Records shown>
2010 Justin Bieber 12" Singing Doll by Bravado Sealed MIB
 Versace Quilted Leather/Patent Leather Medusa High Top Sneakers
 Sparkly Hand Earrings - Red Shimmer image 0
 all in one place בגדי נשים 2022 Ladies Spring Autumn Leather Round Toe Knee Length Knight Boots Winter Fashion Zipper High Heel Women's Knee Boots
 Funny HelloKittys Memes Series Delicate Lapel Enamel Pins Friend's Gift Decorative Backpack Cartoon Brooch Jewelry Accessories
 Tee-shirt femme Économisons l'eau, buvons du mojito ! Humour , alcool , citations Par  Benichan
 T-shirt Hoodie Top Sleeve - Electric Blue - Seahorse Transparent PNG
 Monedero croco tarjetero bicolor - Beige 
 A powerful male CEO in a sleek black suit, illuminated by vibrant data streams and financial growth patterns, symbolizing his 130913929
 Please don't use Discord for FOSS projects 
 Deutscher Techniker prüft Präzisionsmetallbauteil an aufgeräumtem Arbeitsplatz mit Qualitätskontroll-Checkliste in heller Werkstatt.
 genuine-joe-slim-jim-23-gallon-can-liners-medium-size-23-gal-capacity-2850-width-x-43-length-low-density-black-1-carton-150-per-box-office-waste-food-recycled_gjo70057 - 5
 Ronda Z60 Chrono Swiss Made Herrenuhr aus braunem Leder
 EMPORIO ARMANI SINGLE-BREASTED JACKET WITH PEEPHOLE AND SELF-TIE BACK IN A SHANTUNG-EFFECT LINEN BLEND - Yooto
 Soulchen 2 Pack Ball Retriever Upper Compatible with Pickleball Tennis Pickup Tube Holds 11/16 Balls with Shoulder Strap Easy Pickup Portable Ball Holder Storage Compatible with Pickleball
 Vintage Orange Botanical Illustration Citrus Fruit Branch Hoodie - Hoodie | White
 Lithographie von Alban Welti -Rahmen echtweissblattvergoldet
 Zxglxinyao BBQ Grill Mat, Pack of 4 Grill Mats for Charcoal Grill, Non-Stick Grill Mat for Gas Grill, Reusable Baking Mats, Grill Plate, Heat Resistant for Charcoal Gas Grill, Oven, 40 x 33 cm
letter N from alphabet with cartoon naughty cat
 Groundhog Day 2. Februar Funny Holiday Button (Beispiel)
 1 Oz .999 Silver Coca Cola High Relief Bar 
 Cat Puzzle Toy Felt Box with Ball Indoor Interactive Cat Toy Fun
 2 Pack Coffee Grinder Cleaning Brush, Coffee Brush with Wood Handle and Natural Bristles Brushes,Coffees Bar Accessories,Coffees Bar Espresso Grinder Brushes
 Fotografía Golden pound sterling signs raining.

Problem to solve> In the listing above, find the line with "Tee-shirt femme Économisons" and the line with "EMPORIO ARMANI SINGLE-BREASTED". Output those two lines and every line between them, exactly as written.

Completed task>
 Tee-shirt femme Économisons l'eau, buvons du mojito ! Humour , alcool , citations Par  Benichan
 T-shirt Hoodie Top Sleeve - Electric Blue - Seahorse Transparent PNG
 Monedero croco tarjetero bicolor - Beige 
 A powerful male CEO in a sleek black suit, illuminated by vibrant data streams and financial growth patterns, symbolizing his 130913929
 Please don't use Discord for FOSS projects 
 Deutscher Techniker prüft Präzisionsmetallbauteil an aufgeräumtem Arbeitsplatz mit Qualitätskontroll-Checkliste in heller Werkstatt.
 genuine-joe-slim-jim-23-gallon-can-liners-medium-size-23-gal-capacity-2850-width-x-43-length-low-density-black-1-carton-150-per-box-office-waste-food-recycled_gjo70057 - 5
 Ronda Z60 Chrono Swiss Made Herrenuhr aus braunem Leder
 EMPORIO ARMANI SINGLE-BREASTED JACKET WITH PEEPHOLE AND SELF-TIE BACK IN A SHANTUNG-EFFECT LINEN BLEND - Yooto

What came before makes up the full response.